The non-consideration of the 1996 E. Balanandan committee report on power development while awarding the contract to renovate and modernise three hydroelectric projects in the State to the Canadian firm SNC-Lavalin could not be deemed as “a deliberate act or an evil design” on the part of the accused, including Pinarayi Vijayan, in the alleged corruption case, Central Bureau of Investigation special judge R. Reghu pronounced in his court here on Wednesday.
The committee was for the rehabilitation of the Pallivasal, Sengulam and Panniyar hydroelectric projects, which had run its projected life span, as a short-term measure and recommended only the replacement of essential parts at an estimated cost of Rs.100.50 crore. However, the accused had awarded the contract to renovate and modernise the projects with a stated aim to increase its life span by 35 years.
The Comptroller and Auditor General had reported that the contract had caused loss to the public exchequer and also how it quantified the loss. “Unless and until this loss is attributable to the overt act alleged to have been committed by the accused, the CAG report cannot render any help to the prosecution in substantiating the charge levelled against the accused,” the judge said.
The procurement of equipment for the renovation has not caused any loss to the State.
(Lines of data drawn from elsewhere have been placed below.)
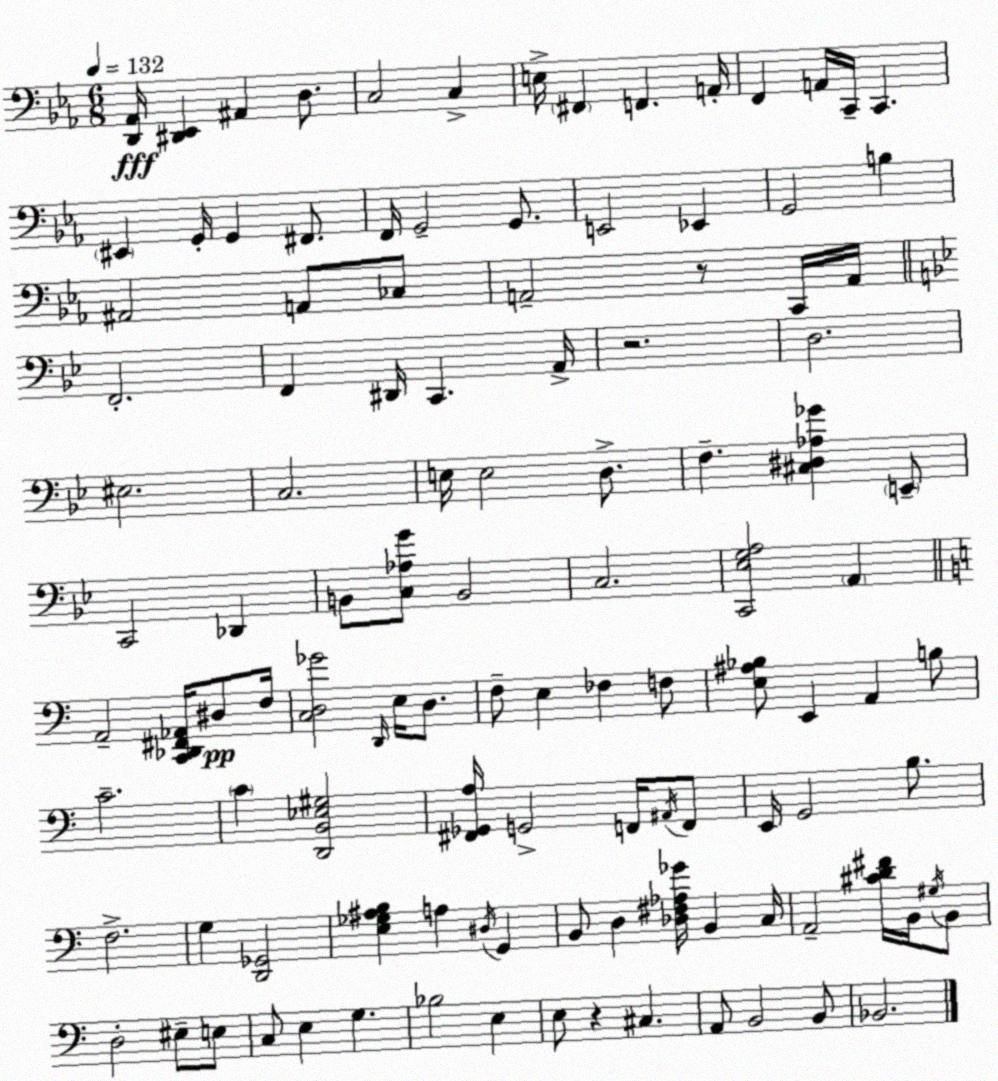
X:1
T:Untitled
M:6/8
L:1/4
K:Cm
[D,,_A,,]/4 [^D,,_E,,] ^A,, D,/2 C,2 C, E,/4 ^F,, F,, A,,/4 F,, A,,/4 C,,/4 C,, ^E,, G,,/4 G,, ^F,,/2 F,,/4 G,,2 G,,/2 E,,2 _E,, G,,2 B, ^A,,2 A,,/2 _C,/2 A,,2 z/2 C,,/4 A,,/4 F,,2 F,, ^D,,/4 C,, A,,/4 z2 D,2 ^E,2 C,2 E,/4 E,2 D,/2 F, [^C,^D,_A,_G] E,,/2 C,,2 _D,, B,,/2 [C,_A,G]/2 B,,2 C,2 [C,,_E,G,A,]2 A,, A,,2 [C,,_D,,^F,,_A,,]/4 ^D,/2 F,/4 [C,D,_G]2 D,,/4 E,/4 D,/2 F,/2 E, _F, F,/2 [E,^A,_B,]/2 E,, A,, B,/2 C2 C [D,,B,,_E,^G,]2 [^F,,_G,,A,]/4 G,,2 F,,/4 ^A,,/4 F,,/2 E,,/4 G,,2 B,/2 F,2 G, [D,,_G,,]2 [E,_G,^A,B,] A, ^D,/4 G,, B,,/2 D, [_D,^F,_A,_G]/4 B,, C,/4 A,,2 [^CD^F]/4 B,,/4 ^G,/4 B,,/2 D,2 ^E,/2 E,/2 C,/2 E, G, _B,2 E, E,/2 z ^C, A,,/2 B,,2 B,,/2 _B,,2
The reduction of the foreign loan from Export Development Canada (EDC) from Rs.173 crore to Rs.157 crore and reduction of consultancy charges from Rs.24 crore to Rs.17.88 crore, both achieved by a high-level delegation led by Mr. Vijayan to Canada, annulled the CBI’s charge that the accused had caused undue pecuniary advantage to Lavalin.
“If the accused had a desire to help SNC-Lavalin unlawfully and enrich itself from the contract, they would not have made such a substantial reduction in the amount,” the judge said.
The court said the feasibility of executing a MoA to secure the entire grant element of Rs.98.60 crore for the MCC from Lavalin was questionable in the absence of tripartite agreement involving the other Canadian agencies who had promised the grant in reciprocation for the contract.